Algorithm. For the bottom $s$ sketch, we first collect all ``sufficiently small'' hashes into a vector. Then, that vector is sorted and deduplicated, and the smallest $s$ values are returned. This ensures that the runtime is $O(n + s \log s)$ when the number of duplicate k-mers is limited.

For the bucket sketch, the classic method is to partition hashes linearly, e.g., for $s=2$ into the bottom and top half. Then, a single value is kept per part, and each hash is compared against the rolling minimum of its bucket.

Instead, here we make buckets by the remainder modulo $s$. This way, we can again pre-filter for ``sufficiently small'' values, and then only scan those for the minimum.

In both variants, we double the ``smallness'' threshold until either $s$ distinct values are found or all $s$ buckets have a value in them.

Formulas For the bottom sketch, the Jaccard similarity j is computed as follows:

Find the smallest s distinct k-mer hashes in the union of two sketches.
Return the fraction of these k-mers that occurs in both sketches.

For the bucket sketch, we first identify all buckets that are not left empty by both sketches. Then, we take the fraction j0 of the remaining buckets where they are equal. We use b-bit sketches, where only the bottom b bits of each bucket-minimum are stored. This gives a 1/2^b probability of hash collisions. To fix this, we compute j = (j0 - 1/2^b) / (1 - 1/2^b) as the similarity corrected for these collisions.

The Mash distance as reported by the CLI is computed as -ln(2*j / (1+j))/k. This is always >=0, but can be as large as inf for disjoint sets, that have j=0.

Implementation notes. Good performance is mostly achieved by using a branch-free implementation: all hashes are computed using 8 parallel streams using SIMD, and appended to a vector when they are sufficiently small to likely be part of the sketch.

The underlying streaming and hashing algorithms are described in the following preprint:

SimdMinimizers: Computing random minimizers, fast. Ragnar Groot Koerkamp, Igor Martayan bioRxiv 2025.01.27 doi.org/10.1101/2025.01.27.634998

Usage

Please see lib.rs and docs.rs for full docs.

use packed_seq::SeqVec;

// Bottom h=10000 sketch of k=31-mers.
let k = 31;
let h = 10_000;

// Use `new_rc` for a canonical version instead.
let sketch = simd_sketch::Sketcher::new(k, h);

// Generate two random sequences of 2M characters.
let n = 2_000_000;
let seq1 = packed_seq::PackedSeqVec::random(n);
let seq2 = packed_seq::PackedSeqVec::random(n);

let sketch1: simd_sketch::BottomSketch = sketcher.bottom_sketch(seq1.as_slice());
let sketch2: simd_sketch::BottomSketch = sketcher.bottom_sketch(seq2.as_slice());

// Value between 0 and 1, estimating the fraction of shared k-mers.
let similarity = sketch1.similarity(&sketch2);

// Bucket sketch variant

let sketch1: simd_sketch::BinSketch = sketcher.sketch(seq1.as_slice());
let sketch2: simd_sketch::BinSketch = sketcher.sketch(seq2.as_slice());

// Value between 0 and 1, estimating the fraction of shared k-mers.
let similarity = sketch1.similarity(&sketch2);

Command line tool

The two main subcommands are sketch and triangle. The is also dist that simply computes the distance between two sequences or sketches.

`sketch`

simd-sketch sketch takes a list of (compressed) fasta files as input, and writes their sketches as <file>.ssketch files.

For example,

simd-sketch sketch inputs/*.fa

writes corresponding sketches to inputs/*.fa.ssketch.

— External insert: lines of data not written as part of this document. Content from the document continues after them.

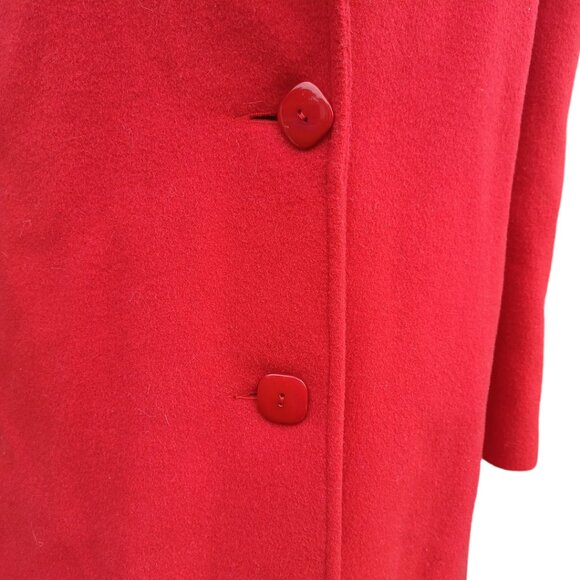 Sz 14 Wool Blend Long Coat - Irving Posluns - Vintage (4627 - Picture 3 of 11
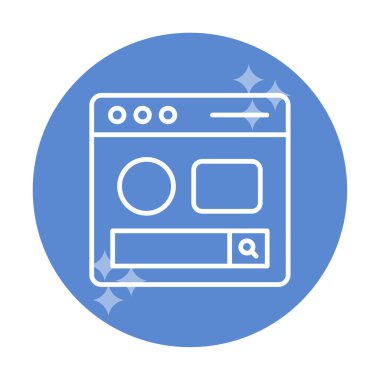 Basit sayfa satırını, ana vektör ögelerini ara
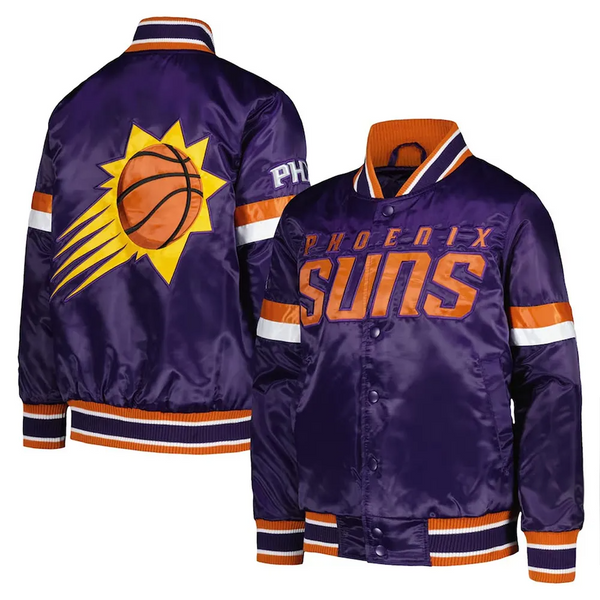 Buy NBA Phoenix Suns Satin Jacket Men and Women
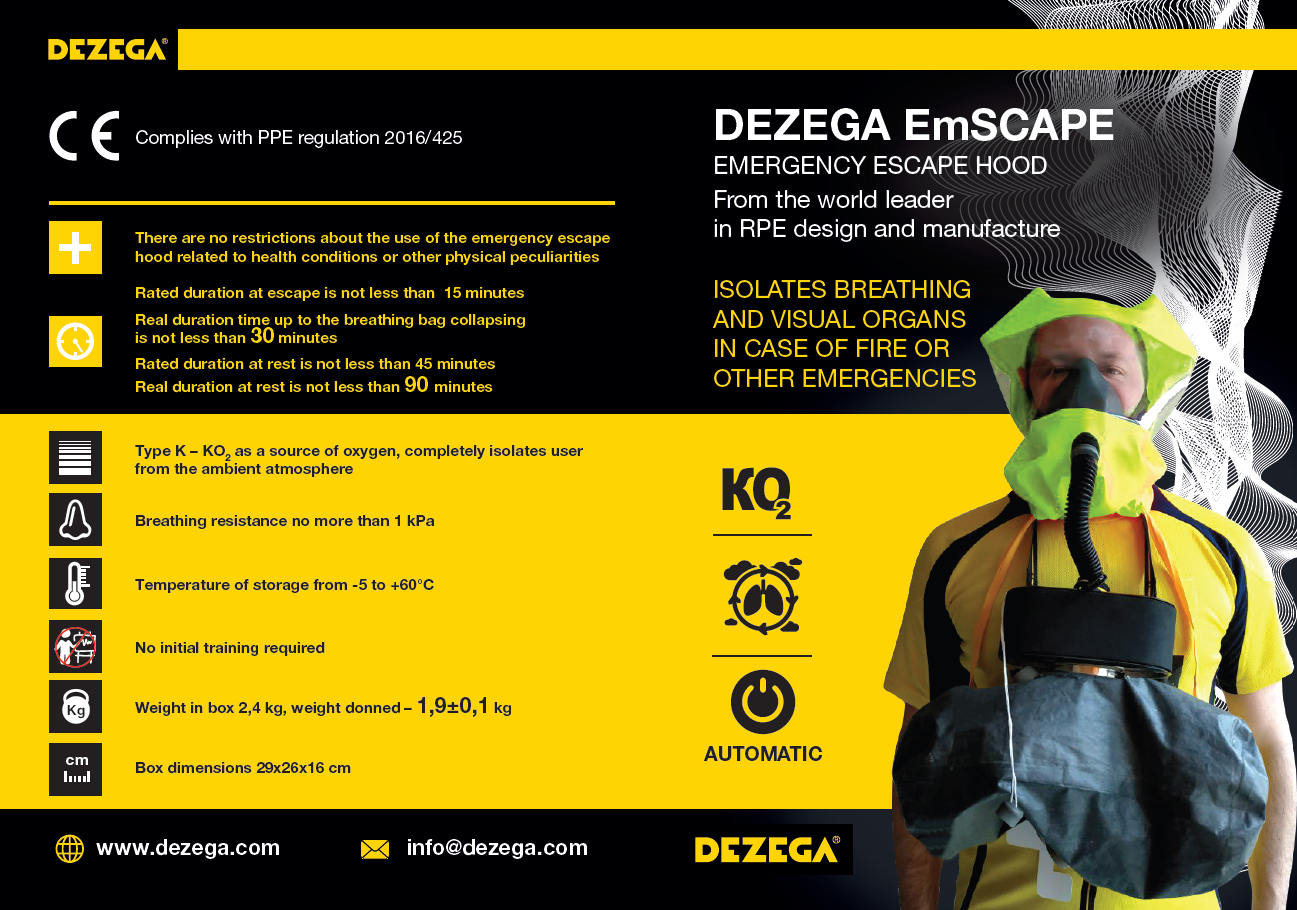 Emergency Escape Hoods Solution for HighRise Buildings & Care Homes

See below for an explanation of the sketch parameters.

`triangle`

Compute an all-to-all Mash distance matrix between (already sketched) fasta files. With --save-sketches, missing intermediate sketches are saved to disk.

> simd-sketch triangle --help
Takes paths to fasta files, and outputs a Phylip distance matrix to stdout

Usage: simd-sketch triangle [OPTIONS] [PATHS]...

Arguments:
  [PATHS]...  Paths to (directories of) (gzipped) fasta files

Options:
      --alg <ALG>        Sketch algorithm to use. Defaults to bucket because of its much faster comparisons [default: bucket] [possible values: bottom, bucket]
      --fwd              When set, use forward instead of canonical k-mer hashes
  -k <K>                 k-mer size [default: 31]
  -s <S>                 Bottom-s sketch, or number of buckets [default: 10000]
  -b <B>                 For bucket-sketch, store only the lower b bits [default: 8]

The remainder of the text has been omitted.